Journalism, which in essence requires free access to information, is often at odds with data privacy. Data protection seeks to restrict the processing of personal data and journalism thrives on private information and human stories.

The EU’s privacy law GDPR aims to alleviate that tension, by allowing journalists to process personal data.

However, there is a discrepancy in the usage of the term “journalistic exemption” from the act, which may be considered somewhat misleading. It seems to imply a per se priority of the right to the freedom of expression over personal rights.

In a decision taken by the Austrian Constitutional Court, this was emphasized. The case called the Austrian journalistic exemption an “undifferentiated exclusion” violating the fundamental right to data protection.

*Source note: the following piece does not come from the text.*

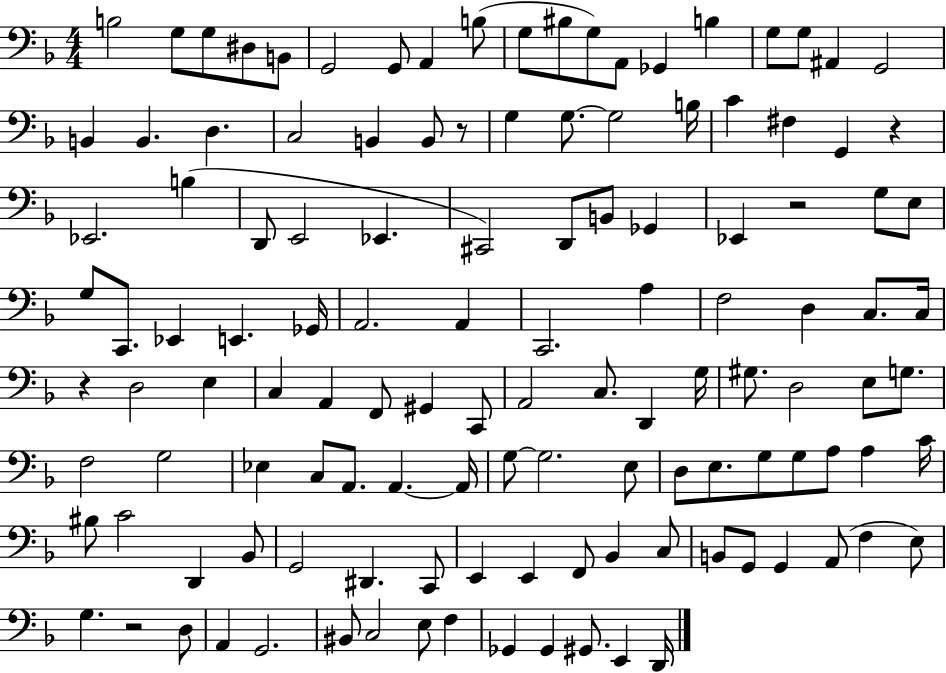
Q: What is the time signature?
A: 4/4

In this specific case, the media reported about a house search at a private home. They did not only report the facts accumulated from the search but also disclosed the personal details found on a business card of the affected person. This revealed personal data and was thought to be irrelevant to the case.

The person complained to the Austrian data protection authority – which was rejected for “lack of jurisdiction”, and the regulation in favor of the media was applied.

The person whose information was unduly disclosed had escalated the complaint to the Federal Administrative Court, which in turn had applied to the Constitutional Court where it was then declared that the broad Austrian journalistic exemption was nothing else but unconstitutional.

Overall, press freedom must be balanced with the protection of personal privacy, and responsible journalistic practices should be applied when handling sensitive data.

When exploring the above-mentioned cases and considering the implication that open-ended press freedom and the endless access to information on the internet have on individuals’ right to privacy it can be concluded that finding a balance between the two can be challenging.

Maintaining journalistic integrity should be considered of high importance in terms of processing information – whether it be for marketing purposes, news coverage, or data capturing and distribution to carry out critical services.